Home > Go Tell the Bees that I am Gone (Outlander #9)(163)

Go Tell the Bees that I am Gone (Outlander #9)(163)
Author: Diana Gabaldon

He touched the beads, self-conscious. “Aye, well … I had, in a way of speaking. I … gave it to William. When he was a wee lad, and I had to leave him at Helwater. I gave him the beads for something to keep—to … remember me by.”

“Mmphm.” She looked at him with sympathy. “Aye. And I expect he gave them back to ye in Philadelphia, did he?”

“He did,” Jamie said, a bit terse, and a wry amusement touched Jenny’s face.
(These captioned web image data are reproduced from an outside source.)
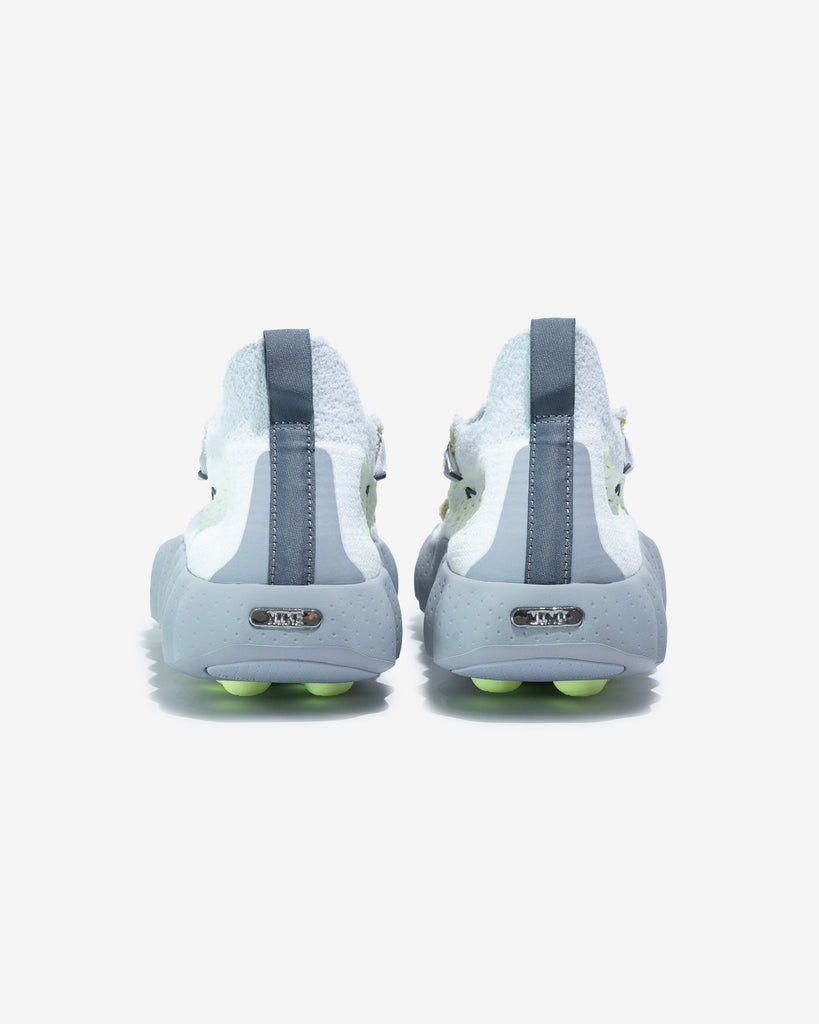 NIKE MIND 002 FK QS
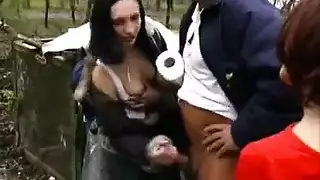 عاهرات فرنسيات تجد غريباً لجلسة استمناء علنية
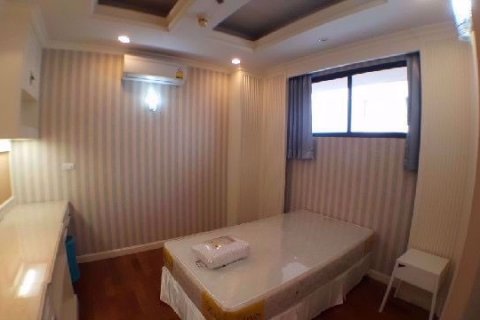 Penthouse in Watthana, Bangkok, Thailand 4 Schlafzimmer № 85380 - Foto 9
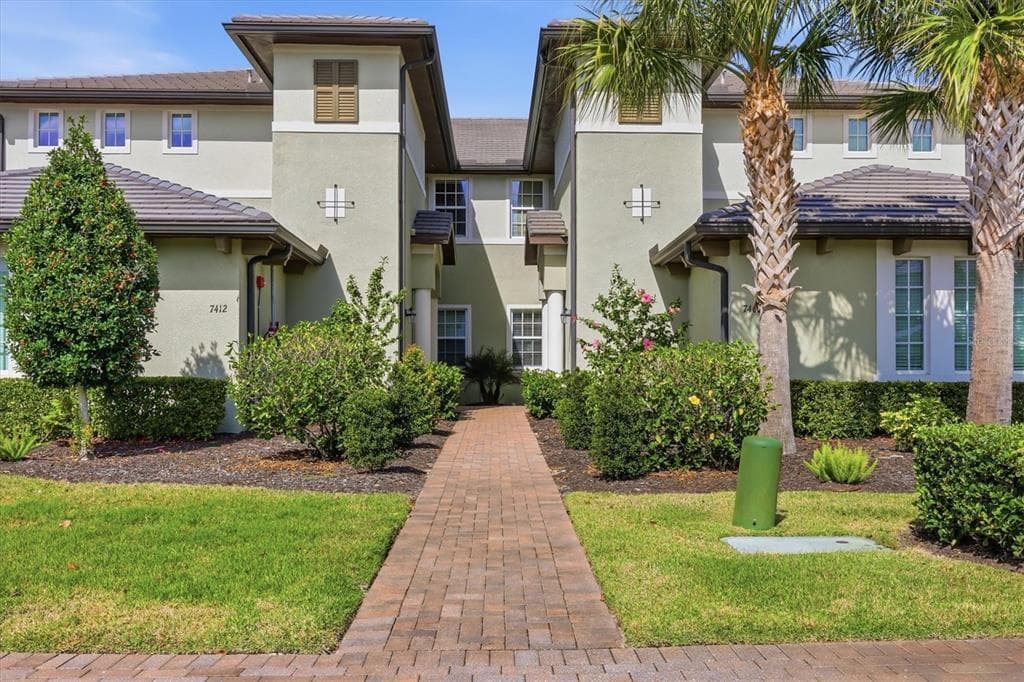 7412 DIVOT LOOP # 7412, BRADENTON, FL 34202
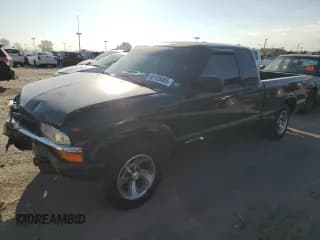 ✅ 2002 Chevrolet S-10 LS • VIN: 1GCCS19W928146468 • Лот: 85165485. Опубликован ранее на Copart с пробегом 162 606 миль. Бесплатный доступ к архиву аукционных продаж из США и подробный отчёт об истории автомобиля на DreamBid. Изображение 1.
“Tell ye one thing, a bràthair—he’s no going to forget you.”

“Aye, maybe not,” he said, feeling an unexpected comfort in the thought. “Well, then …” He let the beads run through his fingers, taking hold of the crucifix. “I believe in God, the Father Almighty …”

They said the Creed together, then the Our Father, and the three Hail Marys, and the Glory Be.

“Joyful or Glorious?” he asked, fingers on the first bead of the decades. He didn’t want to do the Sorrowful Mysteries, the ones about suffering and crucifixion, and he didn’t think she did, either. A yaffle called from the maples, and he wondered briefly if it was one they’d already seen, or a third. Three for a wedding, four for a death …

“Joyful,” she said at once. “The Annunciation.” Then she paused, and nodded at him to take the first turn. He didn’t have to think.

“For Murtagh,” he said quietly, and his fingers tightened on the bead. “And Mam and Da. Hail Mary, full o’ grace, the Lord is with thee. Blessed art thou amongst women and blessed is the fruit of thy womb, Jesus.”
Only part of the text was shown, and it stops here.